A Spanish co-production between Gerardo Herrero and Mariela Besuievsky’s Tornasol Media and Pedro Pastor’s Voramar Films, “Blue Lights of Benidorm” world premiered March 8, at Málaga’s Teatro Cervantes. It will also be introduced to buyers on Tuesday at the Málaga Festival’s Spanish Screenings.
The film follows Gloria and Juan, divorced and estranged for 20 years, who are forced to reunite after learning their daughter has been murdered in Spain.
Traveling from Argentina to identify her body, they uncover a grandson they never knew existed — now missing — and begin a search that pushes them into a fragile alliance as buried resentments and unresolved guilt resurface.
Primarily shot in the Mediterranean resort city of Benidorm, the film plays its sunlit, tourist-facing iconography against a story driven by loss, responsibility and second chances.

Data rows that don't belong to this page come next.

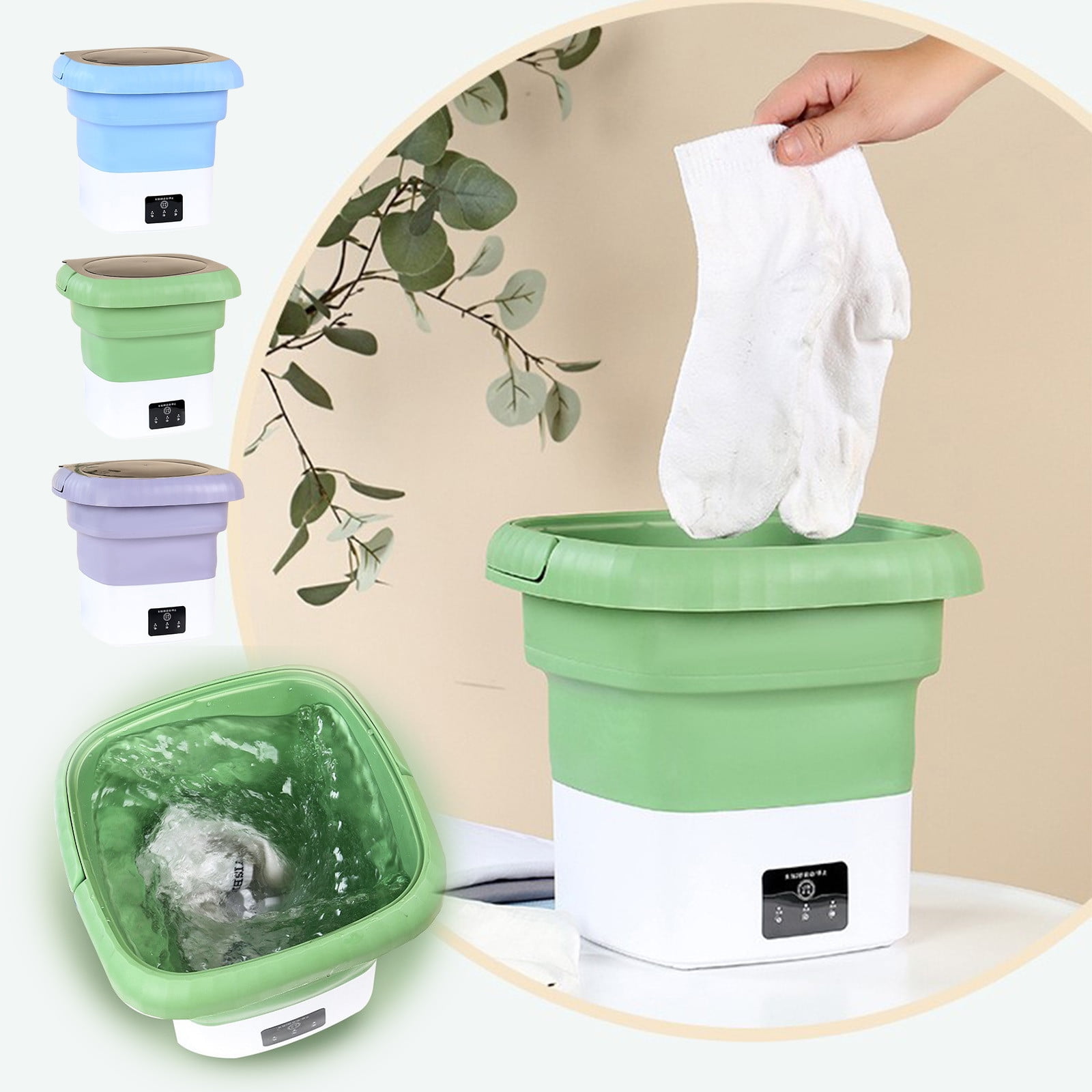 Dianli Foldable Portable Mini Washing Machine For Dorms And Travel, Compact Washer For Underwear Baby Clothes And Small Loads, Lightweight Space‑Saving Design Ideal For Apartments And RVs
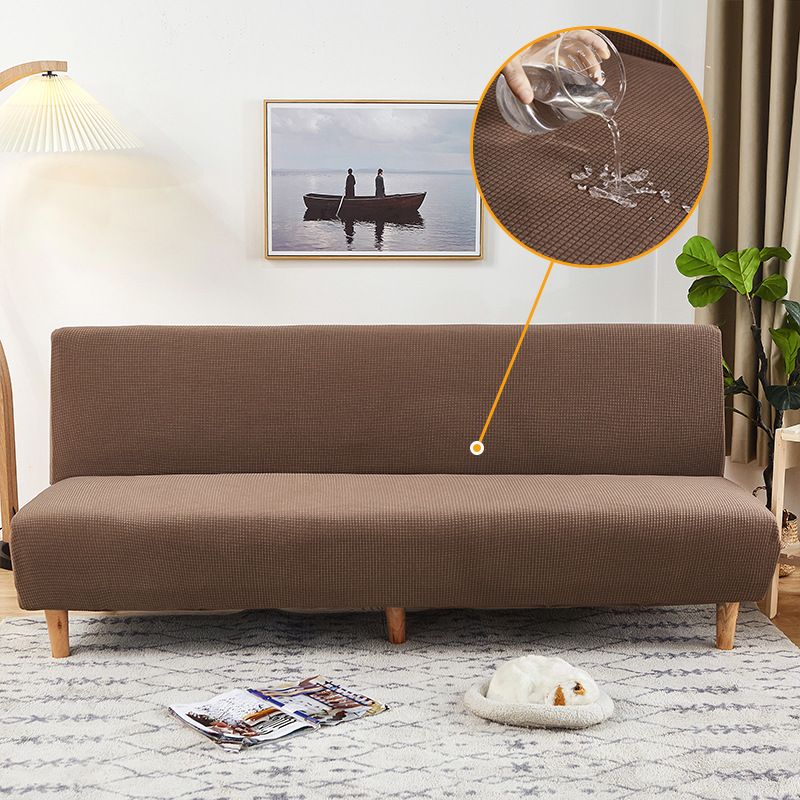Waterproof armless sofa cover all-inclusive universal cover cushion towel full cover cloth folding lazy sofa bed cover_voghion.com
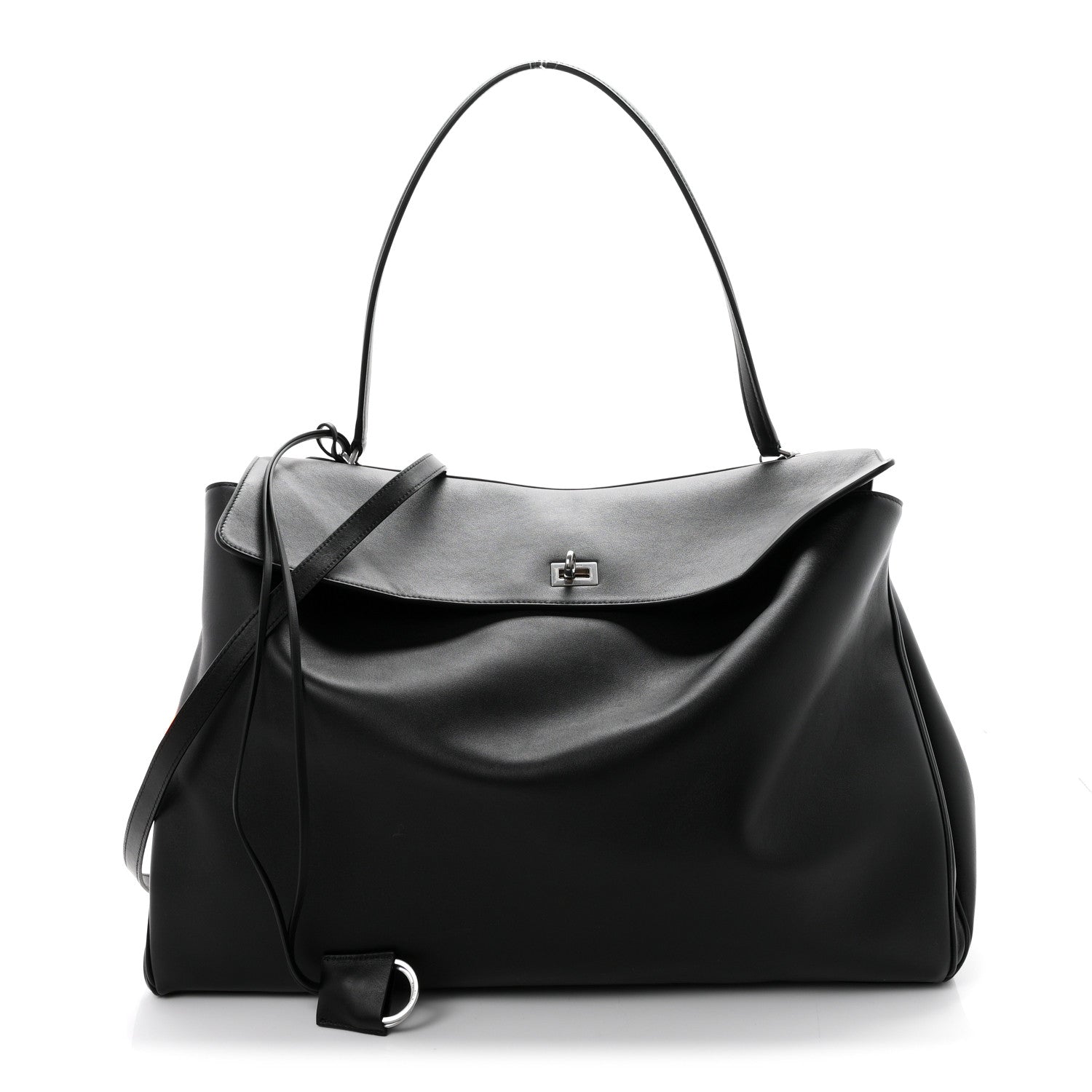 Balenciaga Smooth Calfskin Rodeo XL Top Handle Handbag Black 1 of 9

González-Sinde adapts her own novel “Después de Kim” and anchors the film in its characters. On steering the story from a bruising starting point toward an ending that leaves the possibility of repair, she argues: “I always had the ending of the film very clear in my mind. I believe in human beings and in their capacity to rebuild by leaning on others.”
That conviction dovetails with her approach to writing: “I usually write with a very clear beginning in mind — a character with certain weaknesses, a conflict that puts them to the test, and an ending whose visual, moral and dialogue details I usually know.” The challenge is getting there: “The hard part is how to get to that ending — that’s the mystery of writing.”
González-Sinde has a dual track record as screenwriter and director, winning the 1998 Goya for best original screenplay for “La buena estrella” and the 2004 Goya for best new director for “La suerte dormida.” “Blue Lights of Benidorm” extends that adult audience targetig drive, using the crime thread to keep the narrative moving, while the character dynamics carry the film’s real weight.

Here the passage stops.